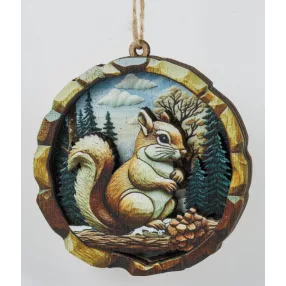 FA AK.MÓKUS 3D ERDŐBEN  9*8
==================================================
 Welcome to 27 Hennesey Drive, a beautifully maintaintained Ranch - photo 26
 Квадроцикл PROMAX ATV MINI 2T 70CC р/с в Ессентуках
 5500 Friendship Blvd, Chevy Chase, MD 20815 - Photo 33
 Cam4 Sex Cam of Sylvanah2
==================================================
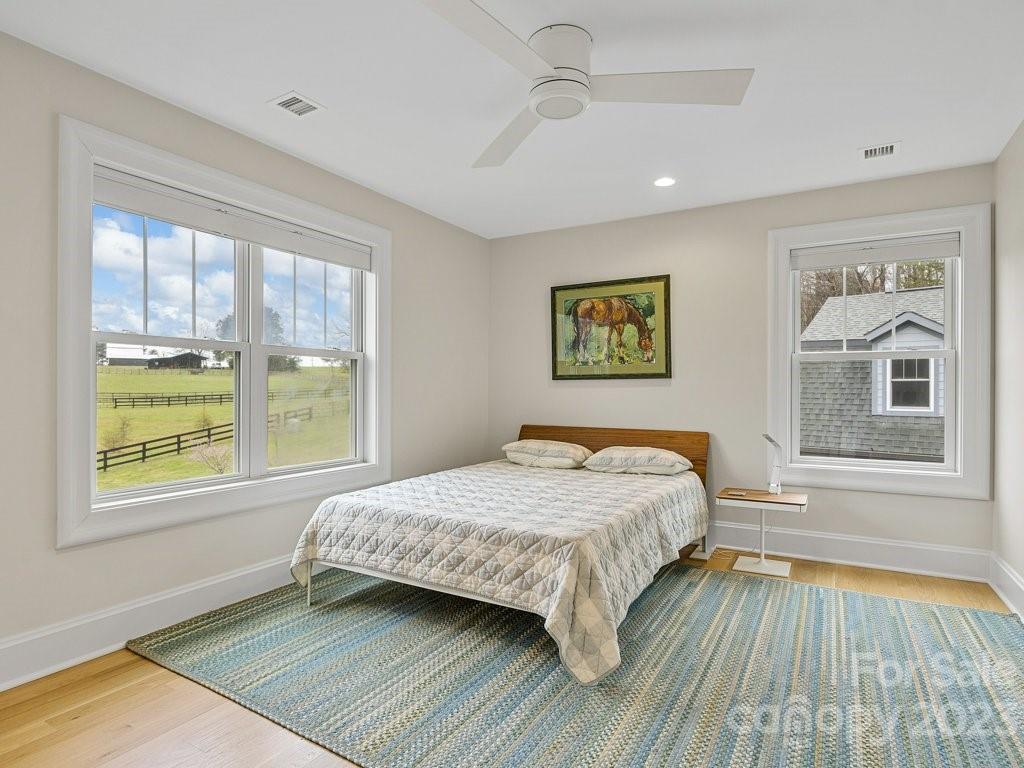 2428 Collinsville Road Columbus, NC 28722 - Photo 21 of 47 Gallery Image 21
==================================================
_WORK ORDER_: Restate word for word the lines of the data above, starting at the line containing "5500 Friendship Blvd, Chevy" and ending at the line containing "Cam4 Sex Cam of Sylvanah2", both included, and nothing more.

_PROBLEM SOLUTION_:
 5500 Friendship Blvd, Chevy Chase, MD 20815 - Photo 33
 Cam4 Sex Cam of Sylvanah2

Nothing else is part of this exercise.